### Description of the task
Give back every line of the material below exactly, but no images.

### Available data

────

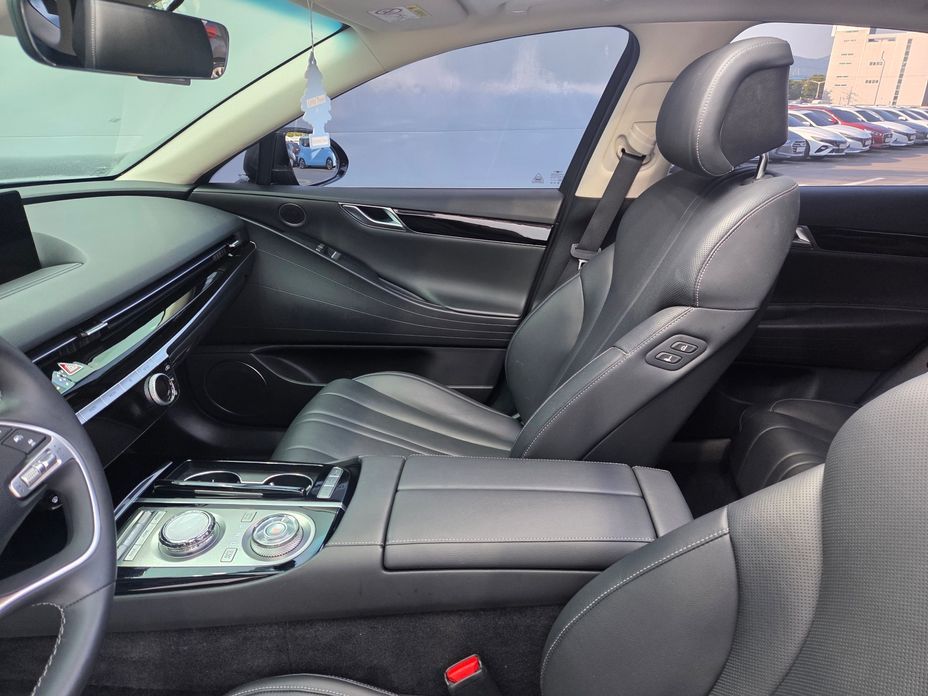 Genesis G80 2023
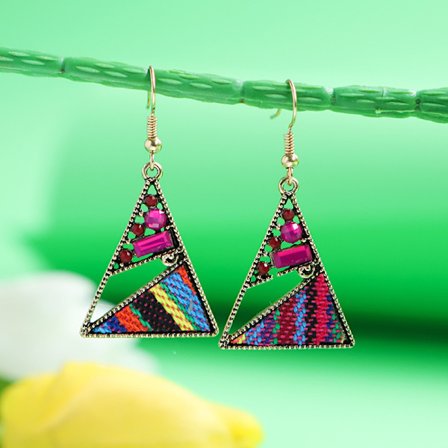 Lazda Cross-Border Supply Nya örhängen Nya Triangel Inlagda Highlight Protein Resin Drill Örhängen i etnisk stil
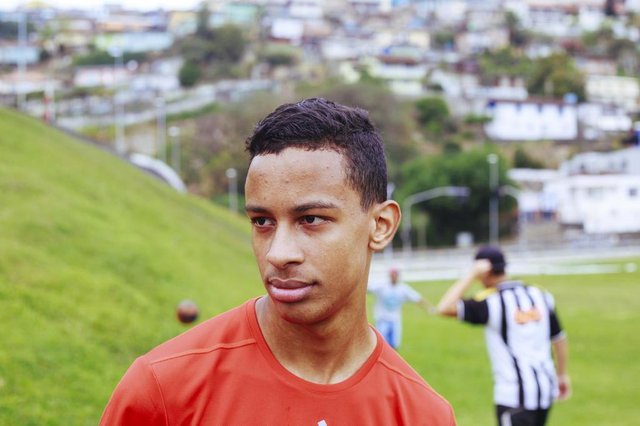  FLORIANOPOLIS, SC, BRASIL: Escolinha gratuita para comunidade em frente a saida do Tunel, na prainha. Os jovens são treinados pelo auxiliar administrativo Tafarel, todos os sabados.  (Foto: Diorgenes Pandini/Diario Catarinense)Editoria: FotLocal: FlorianÃ³polisIndexador: Diorgenes PandiniFonte: Diario CatarinenseFotógrafo: Fotojornalista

────

### Solved problem
 Genesis G80 2023
 Lazda Cross-Border Supply Nya örhängen Nya Triangel Inlagda Highlight Protein Resin Drill Örhängen i etnisk stil
  FLORIANOPOLIS, SC, BRASIL: Escolinha gratuita para comunidade em frente a saida do Tunel, na prainha. Os jovens são treinados pelo auxiliar administrativo Tafarel, todos os sabados.  (Foto: Diorgenes Pandini/Diario Catarinense)Editoria: FotLocal: FlorianÃ³polisIndexador: Diorgenes PandiniFonte: Diario CatarinenseFotógrafo: Fotojornalista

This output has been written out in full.